What you are asked to do ->
When the data below is printed, every line must match exactly and the images must be absent.

+++ Provided records

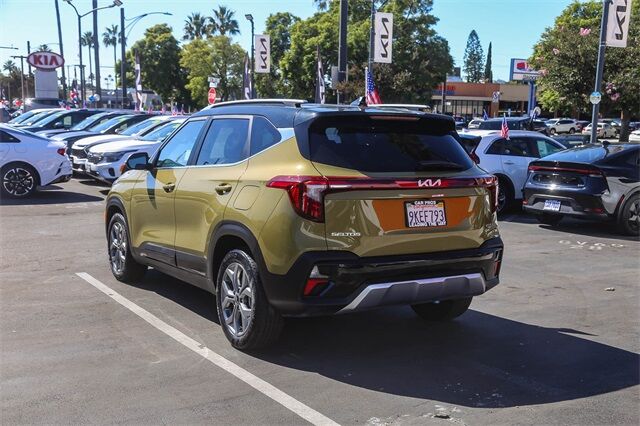 2024 Kia Seltos S Glendale CA 2024 Kia Seltos S Glendale CA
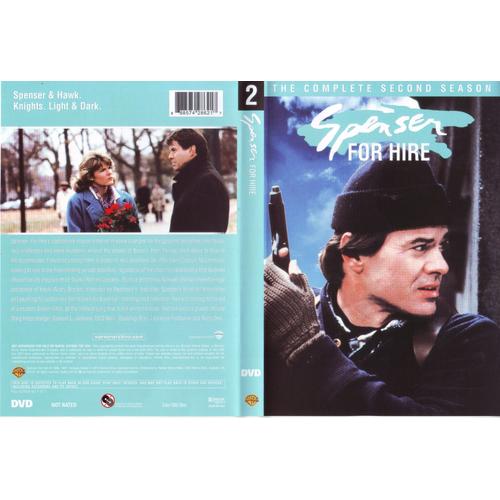 Spenser For Hire - The Complete Second Season - Robert Urich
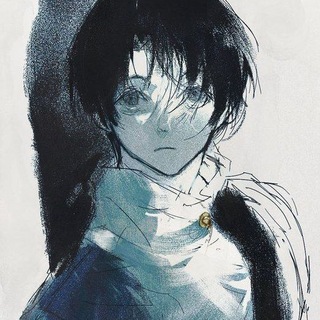 Telegram profile photo for .夜も昼も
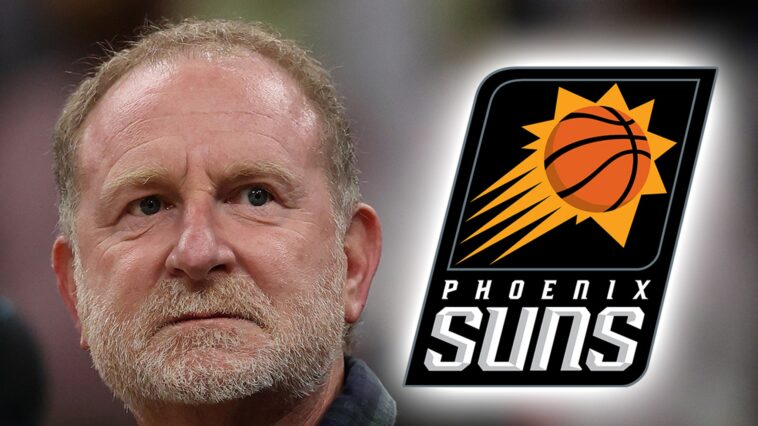 El propietario de los Suns, Robert Sarver, suspendido por 1 año, la investigación descubre que usó N-Word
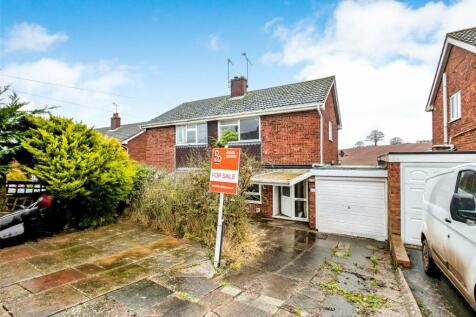 Rectory Lane, Rock, Kidderminster... 3 bed semi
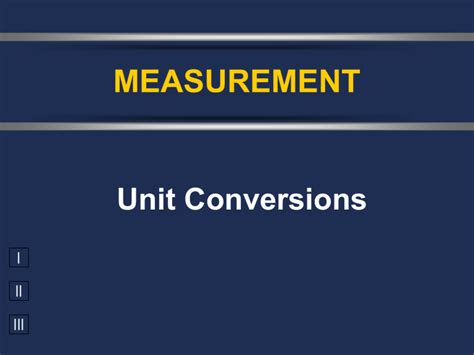 The Importance of Unit Conversion in Various Fields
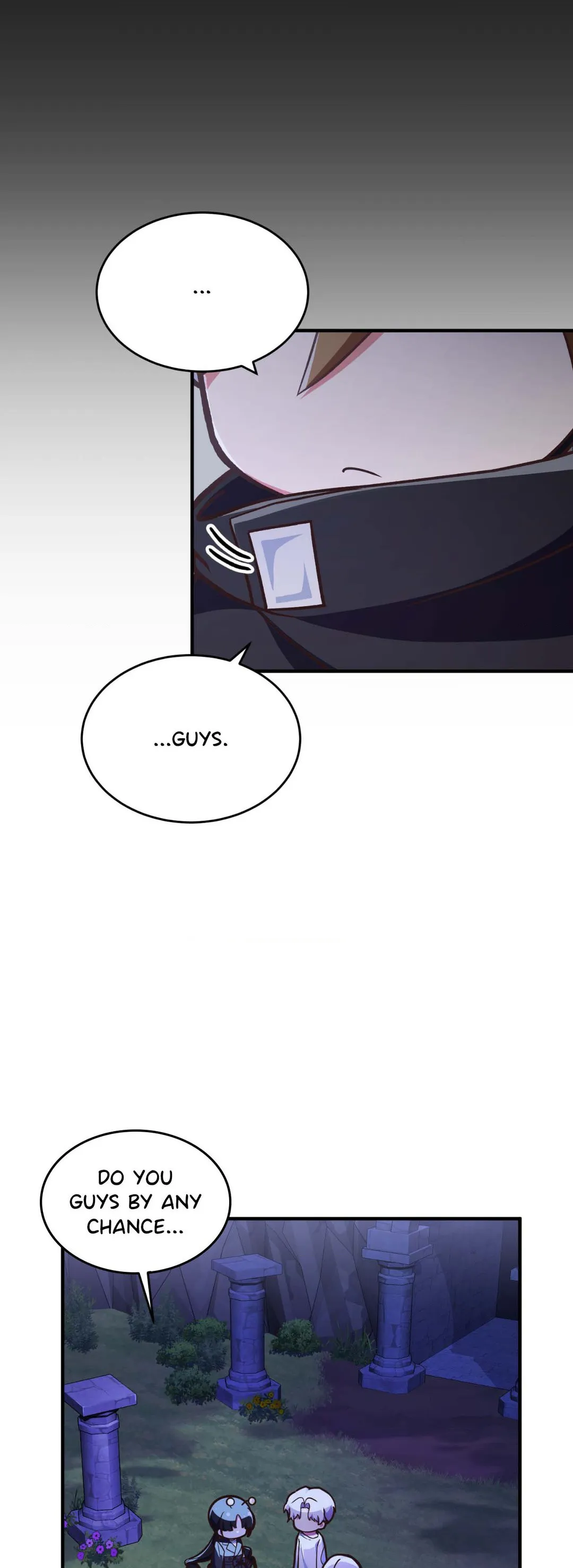 Virtual Strangers - Chapter 11 Page 49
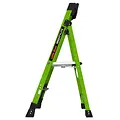 Little Giant Ladders Little Giant MightyLite kunststof bordestrap 2 treden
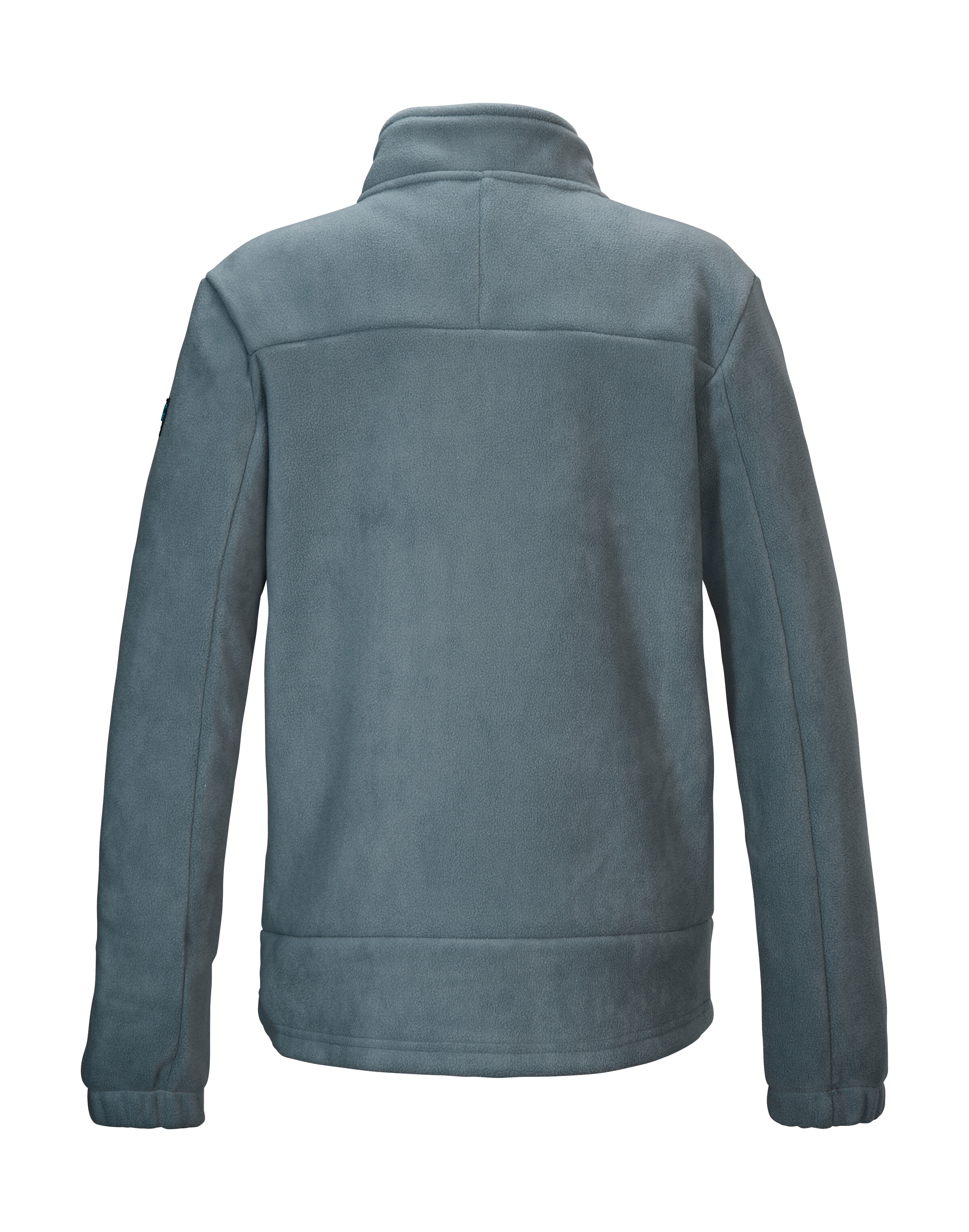 Killtec Fleecejacke »KOW 225 BYS FLC JCKT«, Kinder Fleecejacke mit Stehkragen, Kinnschutz und Reißverschlusstaschen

++++++

Result for this exercise ->
 2024 Kia Seltos S Glendale CA 2024 Kia Seltos S Glendale CA
 Spenser For Hire - The Complete Second Season - Robert Urich
 Telegram profile photo for .夜も昼も
 El propietario de los Suns, Robert Sarver, suspendido por 1 año, la investigación descubre que usó N-Word
 Rectory Lane, Rock, Kidderminster... 3 bed semi
 The Importance of Unit Conversion in Various Fields
 Virtual Strangers - Chapter 11 Page 49
 Little Giant Ladders Little Giant MightyLite kunststof bordestrap 2 treden
 Killtec Fleecejacke »KOW 225 BYS FLC JCKT«, Kinder Fleecejacke mit Stehkragen, Kinnschutz und Reißverschlusstaschen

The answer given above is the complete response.